A.       Pendahuluan
Jaringan komputer bukanlah sesuatu yang baru saat ini. Hampir di setiap perusahaan terdapat jaringan komputer untuk memperlancar arus informasi di dalam perusahaan tersebut. Internet yang mulai populer saat ini adalah suatu jaringan komputer raksasa yang merupakan jaringan komputer yang terhubung dan dapat saling berinteraksi. Hal ini dapat terjadi karena adanya perkembangan teknologi jaringan yang sangat pesat, sehingga dalam beberapa tahun saja jumlah pengguna jaringan komputer yang tergabung dalam Internet berlipat ganda.

B.       Jaringan komputer

1.        Pengertian

Jaringan komputer adalah sebuah kumpulan komputer, printer dan peralatan lainnya yang terhubung. Informasi dan data bergerak melalui kabel-kabel sehingga memungkinkan pengguna jaringan komputer dapat saling bertukar dokumen dan data, mencetak pada printer yang sama dan bersama-sama menggunakan hardware/software yang terhubung dengan jaringan.
Tiap komputer, printer atau periferal yang terhubung denganjaringan disebut node. Sebuah jaringan komputer dapat memiliki dua, puluhan, ribuan atau bahkan jutaan node. Sebuah jaringan biasanya terdiri dari 2 atau lebih komputer yang saling berhubungan diantara satu dengan yang lain, dan saling berbagi sumber daya misalnya CDROM, Printer, pertukaran file, atau memungkinkan untuk saling berkomunikasi secara elektronik. Komputer yang terhubung tersebut, dimungkinkan berhubungan dengan media kabel, saluran telepon, gelombang radio, satelit, atau sinar infra merah.

2.        Jenis-Jenis jaringan Komputer

Ada 3 macam jenis Jaringan/Network yaitu :

a.         Local Area Network (LAN) /Jaringan Area Lokal.

Merupakan jaringan yang menghubungkan 2 komputer atau lebih dalam cakupan seperti laboratorium, kantor, serta dalam 1 warnet.

b.         Metropolitan Area Network (MAN) / Jaringan area Metropolitan

Merupakan jaringan yang mencakup satu kota besar beserta daerah setempat. Contohnya jaringan telepon lokal, sistem telepon seluler, serta jaringan relay beberapa ISP internet.

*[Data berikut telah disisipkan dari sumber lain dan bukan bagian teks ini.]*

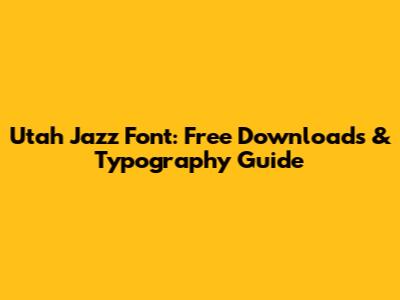Utah Jazz Font: Free Downloads & Typography Guide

c.         Wide Area Network (WAN) / Jaringan area Skala Besar

Merupakan jaringan dengan cakupan seluruh dunia. Contohnya jaringan PT. Telkom, PT. Indosat, serta jaringan GSM Seluler seperti Satelindo, Telkomsel, dan masih banyak lagi.

Berdasarkan media transmisi data, jaringan komputer dapat dibedakan, yaitu sebagai berikut:

-            Jaringan Berkabel (Wired Network)

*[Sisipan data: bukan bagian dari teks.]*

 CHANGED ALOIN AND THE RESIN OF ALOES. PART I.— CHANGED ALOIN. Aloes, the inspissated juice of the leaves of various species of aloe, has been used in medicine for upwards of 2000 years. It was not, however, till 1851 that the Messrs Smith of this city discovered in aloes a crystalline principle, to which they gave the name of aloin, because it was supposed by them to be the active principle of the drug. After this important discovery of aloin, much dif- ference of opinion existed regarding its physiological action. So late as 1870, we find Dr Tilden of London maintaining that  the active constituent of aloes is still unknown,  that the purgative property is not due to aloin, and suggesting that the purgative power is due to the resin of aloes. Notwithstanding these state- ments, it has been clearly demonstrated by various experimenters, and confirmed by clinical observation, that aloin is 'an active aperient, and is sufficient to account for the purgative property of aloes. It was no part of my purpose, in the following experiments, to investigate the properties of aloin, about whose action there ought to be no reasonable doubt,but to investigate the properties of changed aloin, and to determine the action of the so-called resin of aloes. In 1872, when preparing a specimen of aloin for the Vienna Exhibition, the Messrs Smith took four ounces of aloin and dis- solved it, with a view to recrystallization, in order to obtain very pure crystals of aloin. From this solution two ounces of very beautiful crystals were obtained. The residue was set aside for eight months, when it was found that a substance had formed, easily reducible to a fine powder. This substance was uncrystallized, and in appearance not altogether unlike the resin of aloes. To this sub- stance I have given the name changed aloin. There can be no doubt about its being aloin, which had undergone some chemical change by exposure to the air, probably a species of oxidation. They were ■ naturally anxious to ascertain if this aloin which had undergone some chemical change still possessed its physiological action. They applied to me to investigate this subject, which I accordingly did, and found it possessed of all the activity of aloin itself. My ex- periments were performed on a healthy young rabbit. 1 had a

Pada jaringan ini, untuk menghubungkan satu komputer dengan komputer lain diperlukan penghubung berupa kabel jaringan. Kabel jaringan berfungsi dalam mengirim informasi dalam bentuk sinyal listrik antar komputer jaringan.

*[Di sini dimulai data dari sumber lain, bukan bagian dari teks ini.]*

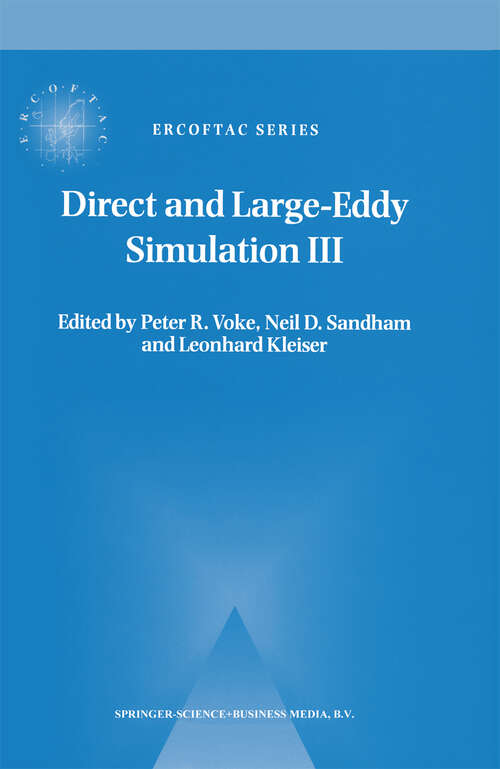 Book cover of Direct and Large-Eddy Simulation III: Proceedings of the Isaac Newton Institute Symposium / ERCOFTAC Workshop held in Cambridge, U.K., 12–14 May 1999 (1999) (ERCOFTAC Series #7)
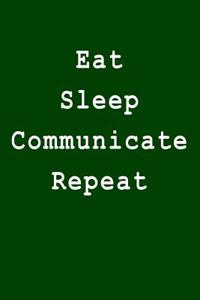 Eat Sleep Communicate Repeat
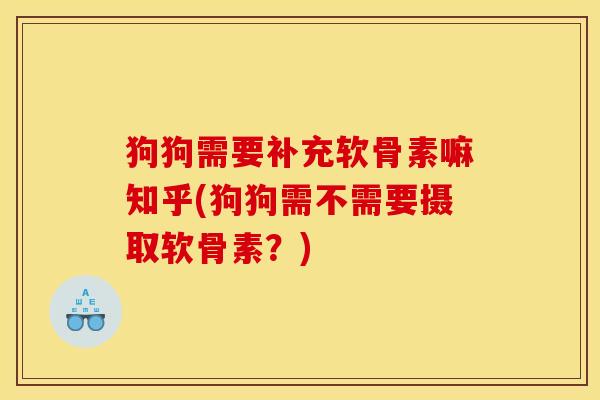 狗狗需要补充软骨素嘛知乎(狗狗需不需要摄取软骨素?) 狗狗需要补充软骨素嘛知乎(狗狗需不需要摄取软骨素?)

-            Jaringan Nirkabel (Wireless Network)

Merupakan jaringan dengan medium berupa gelombang elektromagnetik. Pada jaringan ini tidak diperlukan kabel untuk menghubungkan antar komputer karena menggunakan gelombang elektromagnetik yang akan mengirimkan sinyal informasi antar komputer jaringan.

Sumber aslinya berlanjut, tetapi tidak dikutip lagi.